These were my remarks from the chair at to open the meeting. The contributions from Alex Callinicos, Gilbert Achcar, Stathis Kouvelakis and Terry Conway were affectionate, moving without being sentimental and intellectually rigorous. The videos are online here.

Welcome to this meeting to celebrate the life and work of our comrade Daniel Bensaid who died on January 12th.

Socialist Resistance which has organised this event is the section of the Fourth International in Britain and as you will all be aware Daniel was a prominent member of the International for the bulk of his political life. Like Chris Harman who also died recently Daniel was one of that generation who were brought to revolutionary politics by the wave of internationalism, militancy and class struggle that swept the world in the 1960s and 70s. Unlike many of their contemporaries Daniel and Chris lived and died as unrepentant, unbroken fighting socialists.
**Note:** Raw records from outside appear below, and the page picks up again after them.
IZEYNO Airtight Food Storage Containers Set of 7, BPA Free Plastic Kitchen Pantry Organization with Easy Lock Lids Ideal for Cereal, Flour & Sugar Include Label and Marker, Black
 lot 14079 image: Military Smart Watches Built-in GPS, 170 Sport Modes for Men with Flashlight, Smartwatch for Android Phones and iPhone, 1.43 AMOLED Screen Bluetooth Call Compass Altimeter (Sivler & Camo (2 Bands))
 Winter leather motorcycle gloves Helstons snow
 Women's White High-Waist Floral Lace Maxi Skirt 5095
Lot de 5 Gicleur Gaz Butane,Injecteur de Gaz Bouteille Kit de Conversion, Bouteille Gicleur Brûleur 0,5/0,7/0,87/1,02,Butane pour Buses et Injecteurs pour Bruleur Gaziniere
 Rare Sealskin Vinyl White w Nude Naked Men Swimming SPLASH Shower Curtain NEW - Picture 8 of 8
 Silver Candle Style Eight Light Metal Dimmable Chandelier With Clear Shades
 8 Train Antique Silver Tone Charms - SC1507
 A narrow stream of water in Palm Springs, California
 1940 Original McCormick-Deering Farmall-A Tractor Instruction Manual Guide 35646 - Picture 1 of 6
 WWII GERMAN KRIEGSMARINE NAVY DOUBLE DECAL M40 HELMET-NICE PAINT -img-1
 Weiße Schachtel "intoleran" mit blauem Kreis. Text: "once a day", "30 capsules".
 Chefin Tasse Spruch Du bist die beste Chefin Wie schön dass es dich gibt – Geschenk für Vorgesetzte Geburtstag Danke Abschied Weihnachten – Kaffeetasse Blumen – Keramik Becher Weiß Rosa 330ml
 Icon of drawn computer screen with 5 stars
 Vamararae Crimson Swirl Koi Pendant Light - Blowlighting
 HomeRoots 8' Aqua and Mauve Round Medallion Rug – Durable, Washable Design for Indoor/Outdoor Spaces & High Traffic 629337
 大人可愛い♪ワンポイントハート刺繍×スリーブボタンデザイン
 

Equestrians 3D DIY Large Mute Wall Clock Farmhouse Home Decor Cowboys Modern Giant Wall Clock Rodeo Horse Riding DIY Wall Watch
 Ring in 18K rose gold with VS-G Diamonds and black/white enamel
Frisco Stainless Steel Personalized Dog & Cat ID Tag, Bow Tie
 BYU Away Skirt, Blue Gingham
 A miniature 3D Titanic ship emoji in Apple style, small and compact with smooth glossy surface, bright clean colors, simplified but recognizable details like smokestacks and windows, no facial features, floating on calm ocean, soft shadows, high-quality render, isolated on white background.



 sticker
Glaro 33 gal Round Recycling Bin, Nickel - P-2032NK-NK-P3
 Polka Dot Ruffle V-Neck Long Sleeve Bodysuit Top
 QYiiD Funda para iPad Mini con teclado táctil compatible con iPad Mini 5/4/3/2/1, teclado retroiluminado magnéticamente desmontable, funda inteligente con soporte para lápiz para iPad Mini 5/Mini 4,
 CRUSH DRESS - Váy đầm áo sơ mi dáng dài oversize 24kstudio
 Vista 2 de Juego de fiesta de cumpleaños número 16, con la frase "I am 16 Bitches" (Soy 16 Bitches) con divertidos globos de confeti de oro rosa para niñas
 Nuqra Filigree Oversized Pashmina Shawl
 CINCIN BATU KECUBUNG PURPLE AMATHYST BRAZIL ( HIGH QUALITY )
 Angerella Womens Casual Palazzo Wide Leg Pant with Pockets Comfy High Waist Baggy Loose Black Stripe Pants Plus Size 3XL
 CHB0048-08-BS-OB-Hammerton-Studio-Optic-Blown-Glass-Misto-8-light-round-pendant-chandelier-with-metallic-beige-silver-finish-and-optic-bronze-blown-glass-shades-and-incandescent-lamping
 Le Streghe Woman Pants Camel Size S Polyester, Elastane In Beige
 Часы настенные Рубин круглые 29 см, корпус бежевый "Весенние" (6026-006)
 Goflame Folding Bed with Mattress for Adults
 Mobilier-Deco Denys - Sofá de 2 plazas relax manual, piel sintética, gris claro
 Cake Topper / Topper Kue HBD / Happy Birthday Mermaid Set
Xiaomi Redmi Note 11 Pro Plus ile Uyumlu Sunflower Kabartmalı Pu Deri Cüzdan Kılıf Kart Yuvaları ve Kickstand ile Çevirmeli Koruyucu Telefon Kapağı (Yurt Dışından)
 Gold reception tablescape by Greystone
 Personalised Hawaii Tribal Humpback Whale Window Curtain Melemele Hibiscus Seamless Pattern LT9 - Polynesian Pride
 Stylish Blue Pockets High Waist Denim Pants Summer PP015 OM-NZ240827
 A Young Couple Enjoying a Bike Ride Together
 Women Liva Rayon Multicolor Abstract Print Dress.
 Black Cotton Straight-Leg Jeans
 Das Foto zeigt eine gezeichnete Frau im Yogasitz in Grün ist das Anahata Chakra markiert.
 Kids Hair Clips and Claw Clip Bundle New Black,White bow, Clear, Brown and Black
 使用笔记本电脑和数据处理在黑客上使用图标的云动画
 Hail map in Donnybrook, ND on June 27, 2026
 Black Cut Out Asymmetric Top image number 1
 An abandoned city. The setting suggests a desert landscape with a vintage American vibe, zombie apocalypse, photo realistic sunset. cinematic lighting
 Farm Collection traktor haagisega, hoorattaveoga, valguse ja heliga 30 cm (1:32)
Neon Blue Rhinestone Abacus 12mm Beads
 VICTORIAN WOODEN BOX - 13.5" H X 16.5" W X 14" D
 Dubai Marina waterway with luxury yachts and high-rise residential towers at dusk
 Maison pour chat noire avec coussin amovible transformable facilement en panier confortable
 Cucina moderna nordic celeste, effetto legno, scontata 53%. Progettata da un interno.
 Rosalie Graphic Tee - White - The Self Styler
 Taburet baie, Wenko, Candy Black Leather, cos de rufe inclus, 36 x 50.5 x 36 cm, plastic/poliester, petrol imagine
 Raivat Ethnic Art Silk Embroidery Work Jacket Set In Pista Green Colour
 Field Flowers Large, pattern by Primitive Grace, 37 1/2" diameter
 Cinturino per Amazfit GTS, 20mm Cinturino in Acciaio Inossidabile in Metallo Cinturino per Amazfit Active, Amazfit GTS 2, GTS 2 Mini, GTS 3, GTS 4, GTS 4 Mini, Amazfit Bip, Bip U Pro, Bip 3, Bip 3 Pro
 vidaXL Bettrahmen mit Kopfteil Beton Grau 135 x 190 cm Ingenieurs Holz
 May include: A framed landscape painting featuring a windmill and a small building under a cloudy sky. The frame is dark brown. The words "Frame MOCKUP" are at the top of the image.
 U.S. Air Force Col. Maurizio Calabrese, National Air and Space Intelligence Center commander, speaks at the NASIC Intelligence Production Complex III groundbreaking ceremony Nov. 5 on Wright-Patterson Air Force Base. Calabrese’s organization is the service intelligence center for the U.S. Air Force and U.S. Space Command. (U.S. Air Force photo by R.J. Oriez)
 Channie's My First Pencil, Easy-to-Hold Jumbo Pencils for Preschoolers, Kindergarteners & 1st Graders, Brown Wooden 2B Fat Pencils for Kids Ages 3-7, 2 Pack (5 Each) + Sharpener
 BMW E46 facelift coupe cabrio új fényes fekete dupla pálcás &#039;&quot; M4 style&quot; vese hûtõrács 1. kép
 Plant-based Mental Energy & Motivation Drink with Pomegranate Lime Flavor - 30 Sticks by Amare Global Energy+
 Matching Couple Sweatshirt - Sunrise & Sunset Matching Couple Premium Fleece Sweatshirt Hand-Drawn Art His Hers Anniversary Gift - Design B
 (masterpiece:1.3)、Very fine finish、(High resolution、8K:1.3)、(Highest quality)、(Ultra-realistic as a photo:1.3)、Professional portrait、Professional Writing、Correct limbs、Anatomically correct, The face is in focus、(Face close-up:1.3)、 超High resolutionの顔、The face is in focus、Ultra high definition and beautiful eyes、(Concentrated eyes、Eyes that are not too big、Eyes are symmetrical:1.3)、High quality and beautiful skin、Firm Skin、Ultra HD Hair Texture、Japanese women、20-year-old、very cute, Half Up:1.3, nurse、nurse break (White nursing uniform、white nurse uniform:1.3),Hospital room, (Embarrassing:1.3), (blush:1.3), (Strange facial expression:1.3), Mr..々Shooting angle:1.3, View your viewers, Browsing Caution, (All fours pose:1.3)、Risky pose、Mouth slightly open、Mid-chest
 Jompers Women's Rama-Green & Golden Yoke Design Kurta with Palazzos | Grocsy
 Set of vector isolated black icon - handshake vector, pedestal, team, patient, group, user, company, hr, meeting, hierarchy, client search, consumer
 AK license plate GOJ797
Last weekend in this building members of SR met in this building to discuss the International’s upcoming World Congress and to a great extent our debates were influenced both by Daniel’s personal legacy and the revolutionary Marxist tradition of which he was a part.

I’d like to briefly spotlight three elements of this legacy.

The first is an inflexible commitment to revolutionary democracy. You can see if you read the conference documents on the International Viewpoint website that a range of contending views are expressed. To borrow Rosa Luxemburg’s aphorism “freedom is only the freedom to dissent” and in common with other Fourth Internationalists Daniel vigorously defended this right in his own organisation and the organisations of the working class. Anyone familiar with the life of the LCR will be aware of its culture of lively debate and more or less comradely disagreement. We think that this has helped it emerge as a small but significant force in French politics.

The second is a shared conception of the necessity for a broad class struggle party to fill the political vacuum being created by the Europe wide march to the right of the traditional workers’ parties. Different national settings impose different tactical choices. The LCR decided to dissolve itself in order to establish the NPA. This was not an uncontroversial choice inside the Fourth International. In Britain members of SR are active inside Respect which we see as a potential component of a broader working class party and in our discussions over the weekend the French experience was an important point of reference and it has been one which has strongly influenced our political approach in recent years.

The third and final point I want to make is a shared awareness of the necessity to see Marxism as a creative instrument with which we can change the world. Just as in the 1960s and 70s Marxists were obliged to deal with the new realities created by the women’s movement and the LGBT movement now we have to integrate an understanding of ecology in a way that is novel for many of us. An attempt to elaborate a Marxist approach to the catastrophic climate change that capitalism is creating has been a central part of the political work that SR has been involved in over recent years – to the extent that we call ourselves an ecosocialist current in order to register the centrality of this issue in our politics. Again this is being reflected in the discussions in the International. This is only right since unless the working class and its organisations elaborate our response to climate change the people who created the problem will impose theirs.

So it’s apt that on the day when as the result of the crooks, gamblers and speculators  who play the currency markets the working classes of Greece, Spain, Ireland and Italy are facing attacks on their pensions, wages and social services that we meet to honour Daniel.